British shoe designer (born 1962)

Emma Mary Constance Hope MBE (born July 1962) is a British shoe designer.

==Early life==
Emma Hope was born in July 1962 in Portsmouth. Her father, who died in 2005, was a Captain in the Royal Navy, and her mother is a former fashion journalist. They lived in Singapore until she was five.

She was educated at Sevenoaks School, and Cordwainers College, London. When Hope graduated, Harper's and Queen named her alongside John Galliano as someone to be aware of.

==Career==
Hope started out designing shoes for Laura Ashley, Betty Jackson and Jean Muir. Her first shop was opened in Islington in 1985. In 2002, she designed shoes for Paul Smith, and opened two more shops in London, in Sloane Square and Notting Hill.

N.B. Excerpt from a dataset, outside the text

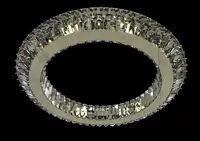 Moderne Leuchte TX389000008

Hope's 1988 shoes featuring embroidered depictions of the dancer Josephine Baker were exhibited by the Victoria and Albert Museum in 1990 as an example of the work of "one of Britain's leading young shoe designers." In 1995, Sandra Boler, editor of Brides magazine, chose a pair of Emma Hope shoes to accompany the Catherine Rayner bridal gown selected to represent 1995 in the Dress of the Year collection at the Fashion Museum, Bath.

==Personal life==
Hope goes "hunting every weekend during the season" and is a keen surfer.